Stanca, spossata da ciò che qualcuno a ragione chiamò cervellotico essere, d’un tratto si sentì priva di energia per proseguire con la quotidiana tabella di marcia. Si coricò sopra il letto e, forse, poiché protetta dalle tremule tapparelle d’un bianco abbagliante, versò tutta la disperazione ingoiata in quell’esistenza che tale non era. Prima di abbandonarsi all’altrove, tuttavia, ripensò proprio a Lui che aveva tentato di salvare quell’abortita bambina, abiurata prima persona. Lui che, non v’è tempo e non v’è luogo a recludere nel vivido e vivo ricordo di lei che dalla sedimentata polvere di dosso liberò.

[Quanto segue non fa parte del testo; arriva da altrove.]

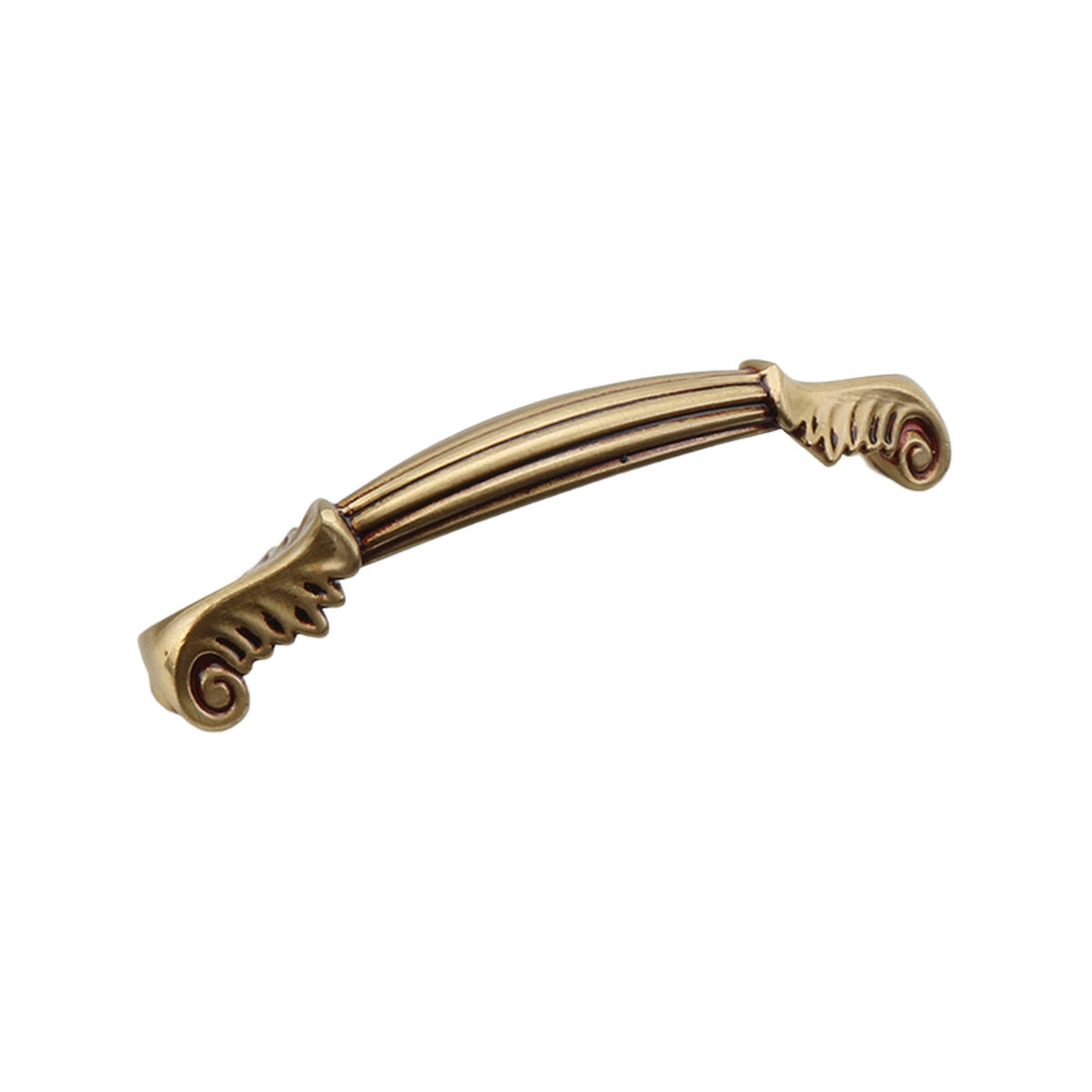 Rose gold-tone arched bridge pull with a fluted bar and scroll ends, 107 mm.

Ripensò al “suo” Uomo dell’arcobaleno eppure non lo nominò ad alta voce, giammai avrebbe voluto spezzare quella silenziosa magia. Una stretta allo stomaco, un nodo in gola a saperlo lontano e non di meno, benché nel qui fossero, stati, destinati a coordinate diacroniche, non nel sogno. Non nel sogno che era quanto, per quella travagliata anima, soltanto valeva la pena di vivere …e d’altronde un viaggio è un regalo che non si scorda: Lui le aveva donato la consapevolezza d’avere ali che non esiste dovere ad aver diretto o scuse per tarpare, che l’imperfezione è la più grande ed inestimabile delle ricchezze, che il coraggio di fare alcune scelte per lasciar respirare il proprio universo è l’unica vera pietra filosofale e che se alla prima impressione ti emozioni è perché sai amare davvero e riesci a vedere il meraviglioso fluire dell’autentico, le porte aperte della continua trasformazione a paradiso. Allungò il braccio e porse la mano alla brezza leggera che filtrava dal minuscolo oblò sopra il soffitto. In quell’istante sentì le sue dita accarezzarne il volto, il venticello pieno d’uno straordinario tepore d’angelo. O forse diavolo tentatore. Abbracciò in mezzo al cielo stellato quell’amata espressione testarda almeno quanto la sua. Il resto non ebbe, né avrebbe avuto, più senso alcuno. Fragranza di fiori nella tempesta. Si addormentò nel profumo di mughetto; dal castano stille in Myosotis.